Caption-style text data
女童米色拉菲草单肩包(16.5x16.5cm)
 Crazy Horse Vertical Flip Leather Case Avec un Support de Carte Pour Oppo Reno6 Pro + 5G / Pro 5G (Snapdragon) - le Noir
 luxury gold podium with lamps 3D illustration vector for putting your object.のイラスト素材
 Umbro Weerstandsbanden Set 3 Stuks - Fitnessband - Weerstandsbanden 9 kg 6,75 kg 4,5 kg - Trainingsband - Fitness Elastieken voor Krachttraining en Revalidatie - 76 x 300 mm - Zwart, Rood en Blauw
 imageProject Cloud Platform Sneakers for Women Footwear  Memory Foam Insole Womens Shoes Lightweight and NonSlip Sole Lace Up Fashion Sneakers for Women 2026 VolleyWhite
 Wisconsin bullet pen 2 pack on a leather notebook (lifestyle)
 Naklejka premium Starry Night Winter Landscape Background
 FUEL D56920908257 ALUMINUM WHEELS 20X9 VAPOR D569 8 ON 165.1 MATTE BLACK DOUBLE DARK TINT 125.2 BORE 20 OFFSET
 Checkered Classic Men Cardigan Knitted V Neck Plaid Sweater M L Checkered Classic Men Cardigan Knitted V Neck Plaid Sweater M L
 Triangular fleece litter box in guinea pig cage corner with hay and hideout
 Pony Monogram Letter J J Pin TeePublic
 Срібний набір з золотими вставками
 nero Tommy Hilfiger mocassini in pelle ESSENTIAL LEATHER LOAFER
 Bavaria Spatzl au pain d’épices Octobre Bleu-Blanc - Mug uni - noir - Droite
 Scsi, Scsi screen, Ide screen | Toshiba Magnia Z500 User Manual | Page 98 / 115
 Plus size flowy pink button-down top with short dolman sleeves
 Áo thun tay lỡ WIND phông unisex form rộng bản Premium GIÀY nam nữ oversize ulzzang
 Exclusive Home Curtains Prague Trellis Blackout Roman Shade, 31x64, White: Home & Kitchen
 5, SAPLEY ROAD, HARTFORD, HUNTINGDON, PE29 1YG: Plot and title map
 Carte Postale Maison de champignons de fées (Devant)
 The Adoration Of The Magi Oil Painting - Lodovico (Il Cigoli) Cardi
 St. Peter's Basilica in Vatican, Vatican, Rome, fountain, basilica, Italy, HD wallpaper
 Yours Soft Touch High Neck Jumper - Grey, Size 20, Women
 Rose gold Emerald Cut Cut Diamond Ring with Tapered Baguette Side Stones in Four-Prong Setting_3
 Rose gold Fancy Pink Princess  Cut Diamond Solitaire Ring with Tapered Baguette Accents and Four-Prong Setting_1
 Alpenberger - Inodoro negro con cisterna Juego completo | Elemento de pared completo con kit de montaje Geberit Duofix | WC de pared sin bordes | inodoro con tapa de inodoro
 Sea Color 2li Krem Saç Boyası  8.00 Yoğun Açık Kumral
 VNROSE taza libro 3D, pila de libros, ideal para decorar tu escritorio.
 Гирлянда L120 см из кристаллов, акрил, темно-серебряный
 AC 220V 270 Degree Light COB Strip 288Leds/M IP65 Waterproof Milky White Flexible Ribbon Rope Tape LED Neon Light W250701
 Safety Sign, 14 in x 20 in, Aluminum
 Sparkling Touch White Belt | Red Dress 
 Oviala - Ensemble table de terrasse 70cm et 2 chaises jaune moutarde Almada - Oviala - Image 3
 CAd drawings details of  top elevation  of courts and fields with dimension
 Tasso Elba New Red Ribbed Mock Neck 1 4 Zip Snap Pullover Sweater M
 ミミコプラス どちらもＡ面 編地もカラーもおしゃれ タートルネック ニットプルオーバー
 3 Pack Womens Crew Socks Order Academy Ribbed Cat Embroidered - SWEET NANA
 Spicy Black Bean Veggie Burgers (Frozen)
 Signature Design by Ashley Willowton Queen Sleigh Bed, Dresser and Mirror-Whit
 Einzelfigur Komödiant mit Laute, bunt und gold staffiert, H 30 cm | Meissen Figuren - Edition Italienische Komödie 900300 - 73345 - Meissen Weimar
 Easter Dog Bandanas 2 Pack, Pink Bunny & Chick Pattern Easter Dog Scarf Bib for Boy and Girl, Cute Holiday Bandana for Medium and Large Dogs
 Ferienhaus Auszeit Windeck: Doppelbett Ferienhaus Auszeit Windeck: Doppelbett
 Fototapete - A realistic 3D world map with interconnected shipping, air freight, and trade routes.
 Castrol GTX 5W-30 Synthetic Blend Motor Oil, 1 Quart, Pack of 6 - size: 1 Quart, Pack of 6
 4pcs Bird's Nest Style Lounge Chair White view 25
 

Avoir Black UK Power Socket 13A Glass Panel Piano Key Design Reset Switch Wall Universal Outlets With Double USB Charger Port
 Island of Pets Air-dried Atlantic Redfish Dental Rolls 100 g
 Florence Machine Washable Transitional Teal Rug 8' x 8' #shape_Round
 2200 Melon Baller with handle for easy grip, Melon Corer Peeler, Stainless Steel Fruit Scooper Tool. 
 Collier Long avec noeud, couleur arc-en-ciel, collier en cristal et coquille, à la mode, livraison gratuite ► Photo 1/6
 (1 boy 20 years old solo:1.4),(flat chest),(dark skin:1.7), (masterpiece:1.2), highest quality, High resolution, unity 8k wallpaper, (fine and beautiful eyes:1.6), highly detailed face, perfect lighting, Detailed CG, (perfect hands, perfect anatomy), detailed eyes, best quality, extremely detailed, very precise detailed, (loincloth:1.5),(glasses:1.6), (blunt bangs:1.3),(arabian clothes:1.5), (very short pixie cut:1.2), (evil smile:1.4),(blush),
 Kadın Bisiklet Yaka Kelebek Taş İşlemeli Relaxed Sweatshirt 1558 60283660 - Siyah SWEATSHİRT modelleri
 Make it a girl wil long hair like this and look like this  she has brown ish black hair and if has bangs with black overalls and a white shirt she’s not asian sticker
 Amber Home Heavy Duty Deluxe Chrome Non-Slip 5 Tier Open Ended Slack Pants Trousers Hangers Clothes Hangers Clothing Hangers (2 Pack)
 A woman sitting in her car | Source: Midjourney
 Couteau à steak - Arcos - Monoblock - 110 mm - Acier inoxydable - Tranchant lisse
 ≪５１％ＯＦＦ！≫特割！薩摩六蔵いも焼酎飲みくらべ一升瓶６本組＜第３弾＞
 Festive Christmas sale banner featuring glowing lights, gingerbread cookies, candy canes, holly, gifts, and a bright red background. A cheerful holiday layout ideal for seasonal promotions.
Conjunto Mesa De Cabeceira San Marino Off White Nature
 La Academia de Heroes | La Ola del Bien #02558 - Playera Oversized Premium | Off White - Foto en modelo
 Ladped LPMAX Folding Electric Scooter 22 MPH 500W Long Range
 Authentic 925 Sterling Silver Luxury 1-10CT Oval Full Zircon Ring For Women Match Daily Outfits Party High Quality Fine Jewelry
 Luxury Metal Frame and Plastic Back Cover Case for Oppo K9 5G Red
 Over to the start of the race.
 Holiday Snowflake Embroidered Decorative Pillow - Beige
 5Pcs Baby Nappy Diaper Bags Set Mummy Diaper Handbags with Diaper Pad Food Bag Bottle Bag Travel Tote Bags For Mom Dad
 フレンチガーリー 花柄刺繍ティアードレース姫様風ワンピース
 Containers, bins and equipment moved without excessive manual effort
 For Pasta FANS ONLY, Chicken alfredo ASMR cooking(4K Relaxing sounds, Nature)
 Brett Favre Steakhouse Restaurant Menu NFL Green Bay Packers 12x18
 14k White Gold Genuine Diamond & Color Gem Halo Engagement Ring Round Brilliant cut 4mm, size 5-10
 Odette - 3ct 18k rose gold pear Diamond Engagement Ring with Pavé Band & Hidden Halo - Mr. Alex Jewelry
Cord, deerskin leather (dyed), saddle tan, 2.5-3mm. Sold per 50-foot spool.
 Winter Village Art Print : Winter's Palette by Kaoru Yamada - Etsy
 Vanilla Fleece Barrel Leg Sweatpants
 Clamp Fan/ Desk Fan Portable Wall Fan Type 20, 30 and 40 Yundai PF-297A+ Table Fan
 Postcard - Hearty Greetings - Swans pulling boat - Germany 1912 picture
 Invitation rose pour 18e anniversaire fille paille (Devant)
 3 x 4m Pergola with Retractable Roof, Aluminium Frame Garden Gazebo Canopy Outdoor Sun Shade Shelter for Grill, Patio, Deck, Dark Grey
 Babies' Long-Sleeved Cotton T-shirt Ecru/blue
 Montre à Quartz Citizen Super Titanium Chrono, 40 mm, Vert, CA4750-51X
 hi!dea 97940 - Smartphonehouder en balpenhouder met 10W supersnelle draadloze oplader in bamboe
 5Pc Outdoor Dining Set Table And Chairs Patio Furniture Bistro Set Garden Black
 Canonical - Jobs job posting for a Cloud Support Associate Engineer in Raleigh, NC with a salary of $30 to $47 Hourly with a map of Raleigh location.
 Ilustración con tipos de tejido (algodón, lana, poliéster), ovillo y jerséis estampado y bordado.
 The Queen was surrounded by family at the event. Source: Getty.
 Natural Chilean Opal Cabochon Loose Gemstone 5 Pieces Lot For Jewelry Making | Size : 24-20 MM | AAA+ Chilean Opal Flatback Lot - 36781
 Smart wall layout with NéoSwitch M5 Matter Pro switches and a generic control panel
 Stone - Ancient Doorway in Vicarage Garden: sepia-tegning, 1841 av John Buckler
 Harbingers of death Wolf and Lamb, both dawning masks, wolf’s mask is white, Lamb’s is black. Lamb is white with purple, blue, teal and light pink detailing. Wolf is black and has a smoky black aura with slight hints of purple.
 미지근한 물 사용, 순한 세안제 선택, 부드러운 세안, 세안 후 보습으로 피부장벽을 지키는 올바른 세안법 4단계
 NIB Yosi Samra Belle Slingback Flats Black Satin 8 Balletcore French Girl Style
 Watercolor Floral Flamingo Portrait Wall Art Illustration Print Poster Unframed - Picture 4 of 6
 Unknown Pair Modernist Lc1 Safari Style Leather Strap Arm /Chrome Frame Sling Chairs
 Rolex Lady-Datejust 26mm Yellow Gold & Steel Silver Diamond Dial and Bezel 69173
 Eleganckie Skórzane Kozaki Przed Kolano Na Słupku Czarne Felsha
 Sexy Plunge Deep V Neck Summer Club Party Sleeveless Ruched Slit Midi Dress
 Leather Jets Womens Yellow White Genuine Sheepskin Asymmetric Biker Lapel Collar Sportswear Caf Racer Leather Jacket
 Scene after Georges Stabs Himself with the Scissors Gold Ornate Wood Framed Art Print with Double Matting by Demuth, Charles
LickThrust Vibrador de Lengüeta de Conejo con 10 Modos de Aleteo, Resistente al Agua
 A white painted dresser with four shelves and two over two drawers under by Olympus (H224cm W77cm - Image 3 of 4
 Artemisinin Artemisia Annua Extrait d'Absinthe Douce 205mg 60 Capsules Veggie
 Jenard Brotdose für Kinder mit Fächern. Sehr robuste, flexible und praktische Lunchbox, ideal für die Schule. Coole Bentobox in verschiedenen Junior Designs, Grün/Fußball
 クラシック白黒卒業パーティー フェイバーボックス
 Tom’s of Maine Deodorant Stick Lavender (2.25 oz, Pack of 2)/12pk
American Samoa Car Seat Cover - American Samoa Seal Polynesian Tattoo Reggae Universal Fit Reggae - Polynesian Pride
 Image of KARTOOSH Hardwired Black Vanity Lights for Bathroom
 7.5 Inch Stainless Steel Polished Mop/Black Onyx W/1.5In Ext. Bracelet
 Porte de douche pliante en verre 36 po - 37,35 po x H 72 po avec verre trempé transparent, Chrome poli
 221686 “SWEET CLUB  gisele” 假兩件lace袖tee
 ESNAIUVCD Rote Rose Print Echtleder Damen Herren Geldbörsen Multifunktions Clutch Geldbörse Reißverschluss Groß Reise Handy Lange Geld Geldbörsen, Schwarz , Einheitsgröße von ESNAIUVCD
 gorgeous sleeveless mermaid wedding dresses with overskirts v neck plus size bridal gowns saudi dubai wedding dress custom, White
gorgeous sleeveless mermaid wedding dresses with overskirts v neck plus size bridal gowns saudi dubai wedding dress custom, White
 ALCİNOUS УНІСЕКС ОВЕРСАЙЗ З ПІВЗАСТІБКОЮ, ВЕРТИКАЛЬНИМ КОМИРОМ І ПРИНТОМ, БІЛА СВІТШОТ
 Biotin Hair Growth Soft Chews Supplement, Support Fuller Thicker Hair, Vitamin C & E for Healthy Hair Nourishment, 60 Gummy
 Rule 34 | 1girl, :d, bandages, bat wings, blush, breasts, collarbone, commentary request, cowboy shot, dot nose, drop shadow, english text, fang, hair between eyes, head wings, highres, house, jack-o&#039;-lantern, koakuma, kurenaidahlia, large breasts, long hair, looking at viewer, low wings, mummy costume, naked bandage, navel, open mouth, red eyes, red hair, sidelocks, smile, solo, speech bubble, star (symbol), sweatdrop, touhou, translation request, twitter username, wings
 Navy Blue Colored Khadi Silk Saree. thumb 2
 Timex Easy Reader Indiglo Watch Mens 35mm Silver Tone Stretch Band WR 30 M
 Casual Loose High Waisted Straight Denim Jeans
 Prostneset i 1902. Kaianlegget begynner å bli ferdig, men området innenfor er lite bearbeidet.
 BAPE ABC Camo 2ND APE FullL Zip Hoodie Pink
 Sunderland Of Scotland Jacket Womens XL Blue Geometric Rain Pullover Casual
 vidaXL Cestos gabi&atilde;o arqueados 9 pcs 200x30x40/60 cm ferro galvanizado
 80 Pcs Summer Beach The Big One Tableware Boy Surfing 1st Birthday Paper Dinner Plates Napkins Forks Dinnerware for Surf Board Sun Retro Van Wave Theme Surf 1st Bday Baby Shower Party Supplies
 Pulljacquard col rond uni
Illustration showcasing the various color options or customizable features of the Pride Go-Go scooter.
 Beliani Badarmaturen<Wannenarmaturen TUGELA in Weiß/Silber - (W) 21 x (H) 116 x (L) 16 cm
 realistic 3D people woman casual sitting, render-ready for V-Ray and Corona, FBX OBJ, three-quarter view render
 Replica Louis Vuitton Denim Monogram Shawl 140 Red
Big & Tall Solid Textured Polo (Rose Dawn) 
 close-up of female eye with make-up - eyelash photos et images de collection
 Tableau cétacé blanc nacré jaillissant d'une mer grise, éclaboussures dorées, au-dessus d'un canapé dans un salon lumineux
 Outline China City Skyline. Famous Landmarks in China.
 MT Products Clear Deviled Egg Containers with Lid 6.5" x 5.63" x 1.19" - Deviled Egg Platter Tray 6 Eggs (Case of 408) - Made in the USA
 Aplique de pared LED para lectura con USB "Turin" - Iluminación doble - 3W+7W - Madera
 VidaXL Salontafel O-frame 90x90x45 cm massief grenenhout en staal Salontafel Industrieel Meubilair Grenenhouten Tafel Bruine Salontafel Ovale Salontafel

> _TASK TO CARRY OUT_: Repeat word for word the lines above that run from the line containing "Pony Monogram Letter J J Pin TeePublic" through the line containing "Carte Postale Maison", both ends included, and nothing else.

> _EXERCISE RESULT_:
 Pony Monogram Letter J J Pin TeePublic
 Срібний набір з золотими вставками
 nero Tommy Hilfiger mocassini in pelle ESSENTIAL LEATHER LOAFER
 Bavaria Spatzl au pain d’épices Octobre Bleu-Blanc - Mug uni - noir - Droite
 Scsi, Scsi screen, Ide screen | Toshiba Magnia Z500 User Manual | Page 98 / 115
 Plus size flowy pink button-down top with short dolman sleeves
 Áo thun tay lỡ WIND phông unisex form rộng bản Premium GIÀY nam nữ oversize ulzzang
 Exclusive Home Curtains Prague Trellis Blackout Roman Shade, 31x64, White: Home & Kitchen
 5, SAPLEY ROAD, HARTFORD, HUNTINGDON, PE29 1YG: Plot and title map
 Carte Postale Maison de champignons de fées (Devant)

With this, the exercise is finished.